A group of Kent State University professors recently returned from a visit to the commemoration of the Gwangju Uprising at Chonnam National University in Gwangju, South Korea, feeling inspired for the meaningful connections they made to the May 4, 1970, shootings at Kent State.
“I believe that we were all profoundly shaped by this whole experience,” said Karl Martin, Ph.D., adjunct faculty in the School of Teaching, Learning and Curriculum Studies in the College of Education, Health and Human Services.
Martin was on the trip, along with Landon Hancock, Ph.D., professor in the School of Peace and Conflict Studies, Sara Koopman, Ph.D., assistant professor in Peace and Conflict Studies; and Jennifer Mapes, Ph.D., assistant professor of geography.
The trip was part of an exchange of faculty between the two universities. Several members of the Chonnam faculty were at Kent State for the May 4 Commemoration, and four Kent State faculty members traveled to South Korea for the commemoration of the May 18 uprising.
On May 4, 1970, the Ohio National Guard opened fire on students protesting the United States’ escalating involvement in the Vietnam War, killing four and wounding nine others, and directly changing the course of U.S. involvement in Vietnam.

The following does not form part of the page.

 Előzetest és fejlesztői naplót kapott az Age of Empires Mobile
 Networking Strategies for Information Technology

The May 18, 1980, the Gwangju Uprising began when a group of Chonnam National University students raised their voices to protest the military dictatorship ruling South Korea at the time. Demonstrators were fired upon, killed and tortured by the military government during the 10-day uprising. Unofficial estimates of the death toll were at 2,000 or more, and it would be another 13 years before South Korea became a fully democratic government in 1993.

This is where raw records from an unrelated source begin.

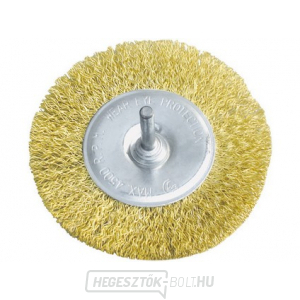 Körszárú kefe FeMs 0,3 mm - 63mm Körszárú kefe FeMs 0,3 mm - 63mm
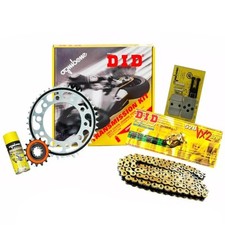Kit trasmissione catena usato  Brusciano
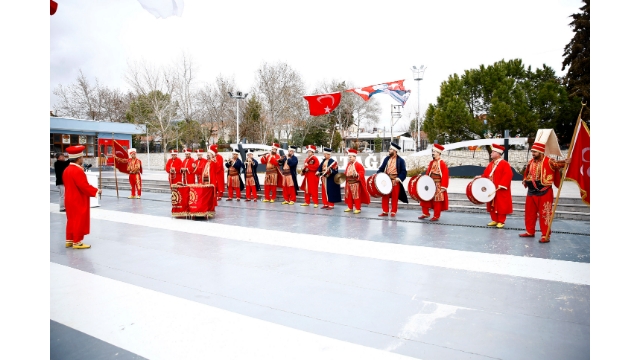 "Milli Mücadele'nin 100. Yıldönümü Anısına"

Yeonmin Kim, Ph.D., a literature professor at Chonnam who received his doctorate at Kent State in 2013, proposed the exchange program between the two institutions based on their historical campus tragedies, believing it would be beneficial to further the legacies of both institutions.
The Kent State faculty members participated in a panel discussion at Chonnam, sharing their work as curators of Kent State's May 4 history, and attended May 18 commemoration events.
“It was moving to learn about what happened in Gwangju, but one of the things that came up that I have always thought was true for those of us who study May 4 here on campus is this feeling of responsibility for telling the story of what happened and keeping the memory alive,” Mapes said. “I know that sounds kind of cliche but keeping the memory alive and reminding people.”
Mapes said historically faculty members at Kent State have played a pivotal role in learning more and sharing more, so that each year there is something to commemorate.
“There’s lots of meaning to be made of both these events, but if you focus, they feel very strongly that you keep this alive to remember the struggle for democracy,” Mapes said. “I think there are folks who are like 'We have democracy, we’re all good now.’ And we are reminded, especially recently, that democracy is not something that we can take for granted and it is worth commemorating every year and remembering.”
Hancock said the group was able to participate in many commemoration events and make meaningful connections with the people at Chonnam and identify connections between the two tragedies.
He noted that Chonnam professors who had been fired for advocating for education began commemorating the anniversary in secret soon after the uprising.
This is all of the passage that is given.